Алеша Шипигусев - человек нервный, тоскующий, резкий сердцем и словом, угловатый, но крепкий, словно хрящ. Ума бойкого, но хочет объять всё сразу, спешит, хватает широко и рвётся, как старый бредень; видит юное бессилие своё, колотит себя кулаком по лбу, ругает, впадая в тоску, а потом дня на три уткнётся в книжку и снова бодр, горд, криклив - всё понял, всё узнал. Тут его надо вспрыснуть холодными словами, он рассердится, поспорит, потом посмеётся над собой и снова сядет за книжку. Знает для своих двадцати лет многонько, но в голове у него - как в новой квартире: привезено почти всё уже, а всё не на своём месте, ходит человек между вещей и стукается об них то лбом, то коленкой.
Спелись мы все быстро и дружно, только Авдей смущал меня: торопливое его желание поскорее свести концы с концами в душе своей не сливалось со сдержанным характером и недоверчивым блеском голубых глаз.
Вскоре после приезда моего в деревню у Никина разыгрался настоящий роман: оказалось, что на святках он сошёлся с младшей дочерью богача Астахова, Настей, и теперь она была непраздной от него, а отец начал истязать её, допытываясь, кто соблазнил. О ту пору Авдея не было в деревне, но узнав, что дело открылось, бросил он работу, явился к старику Астахову.
- Это я Настин муж.
Богатей обезумел, кричит:
- Нищий! Еретик!
Бросился на него с топором, но Авдей во время схватил тестя, говорит:
- Выдай Настю за меня. Что тебе делать, кроме этого?
Тут Астахов согласился, понимая, что если отказать парню, так он сейчас изломает ветхие стариковские кости, а сам в ту же ночь отправил Настасью куда-то в скиты и принялся травить Никина: то и дело таскают парня к земскому, к становому, в волость, и никто в округе не берёт его на работу.
Тогда Авдей, спокойствия обычного не теряя, пожелтел весь, глаза прищурил и сквозь зубы рычит:
- Сожгу! Убью!
Уговариваем:
- Что ты! Каторги захотел?
- Нельзя им уступать, ни в чём нельзя! - кричит парень и мечется, как волк в западне. - За пуговицу буду драться до смерти! И не быть тому, чтобы он командовал Настей, - она мне по чести жена, я её найду, выкраду, сам от него спрячу...
Дело совсем неисполнимое. Найти девицу и украсть - не велик труд, так! Но куда же он её спрячет по этим местам, где даже число горшков в каждой избе известно на пятьдесят вёрст кругом? Жизнь прозрачная, - кроме тараканов - всё на счету.
Досекина в те дни не было с нами, его земский на неделю под арест посадил.

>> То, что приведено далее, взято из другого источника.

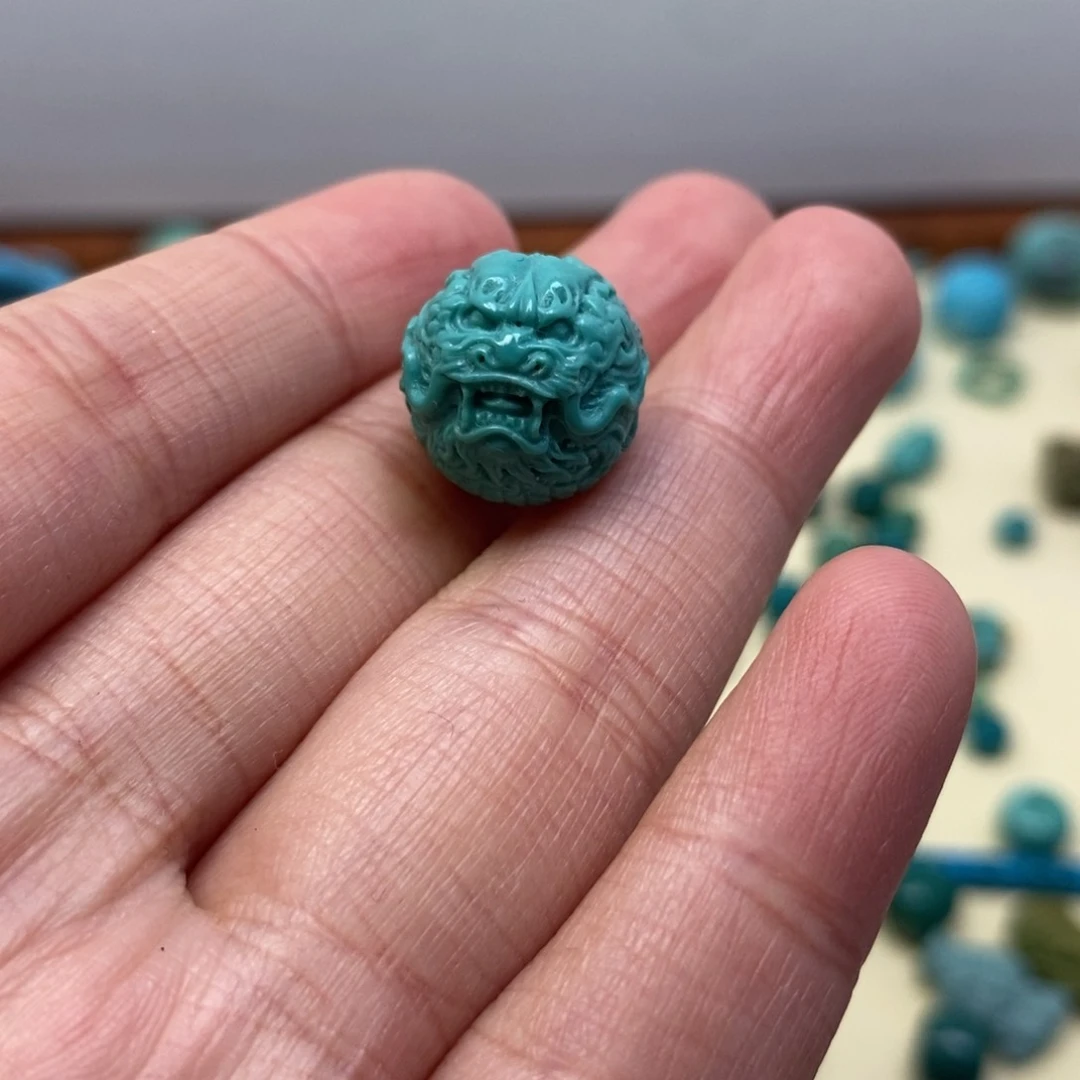 绿松石珠宝半成品未镶嵌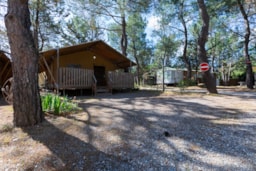 Accommodation - Lodge Terracotta Confort 38M² (2 Bedrooms) + 1 Parking - Flower Camping les Chênes Rouges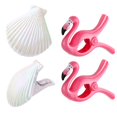 thumbnail image 1 of CaLoogn Clips para toallas de playa para sillas de playa Clips para toallas de colores brillantes para sillas Crucero Patio Vacaciones Sillas de piscina Accesorios para sillones Clips decorativos para, 1 of 5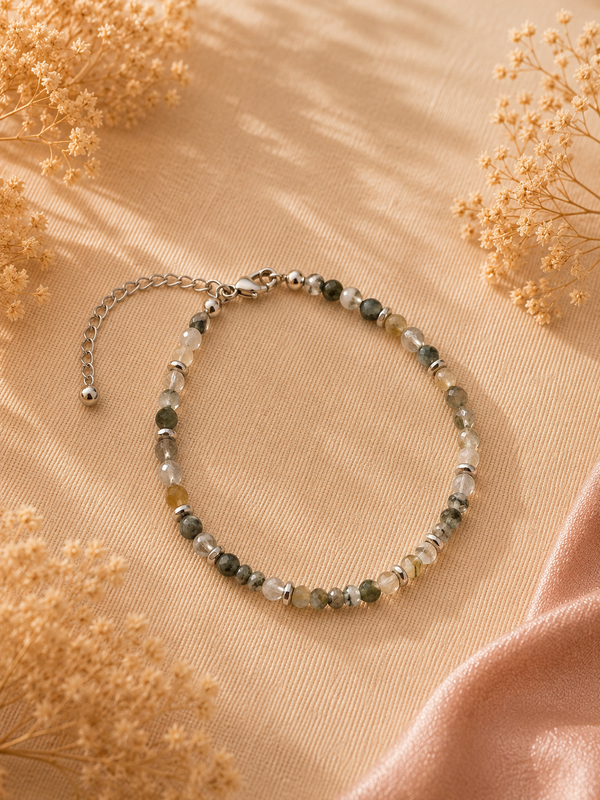 Bracelet Création Quartz Vert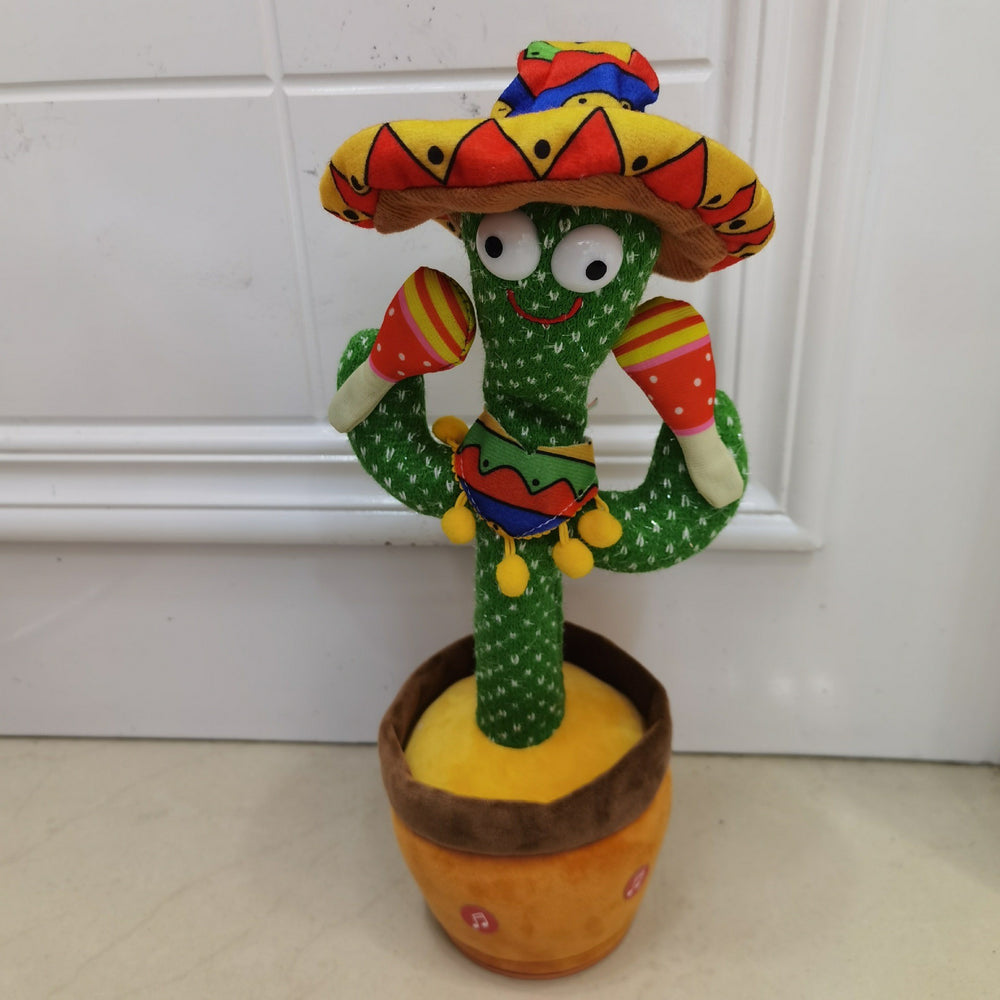 Dancing cactus singing talking dancing stuffed toy twisting goose kids birthday gift street stall toys wholesale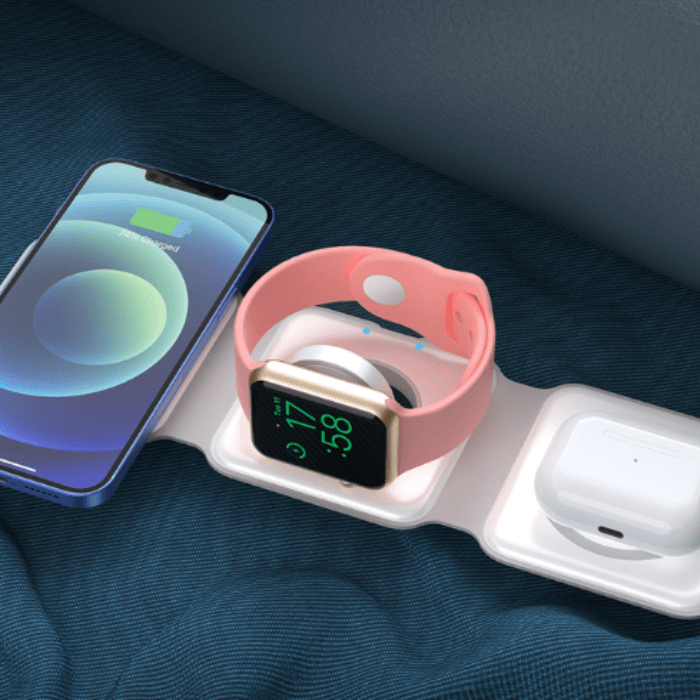 Trådlös laddare med tre zoner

Алексей и Ваня решили помогать Никину, пришлось тогда вступиться в дело мне; достал я девице паспорт, указал в губернии людей, которые не откажут приютить её до родов. Никин её выкрал, а Алёша отвёз в город; там её после родов пристроили кормилицей к хорошим людям.
Авдей тоскует, жалуется:
- Не могу бросить несчастную мать мою, - говорит он, скорбно понуря голову, - а то бы и я ушёл в город.
- Тяжело вам с матерью? - спрашиваю. Он сидел у меня в тот час, пришёл благодарить за помощь, чудак.
У него брови прыгают, губы дрожат.
- Легко ли! - говорит он, словно задыхаясь. - Горько и стыдно - чем поможешь?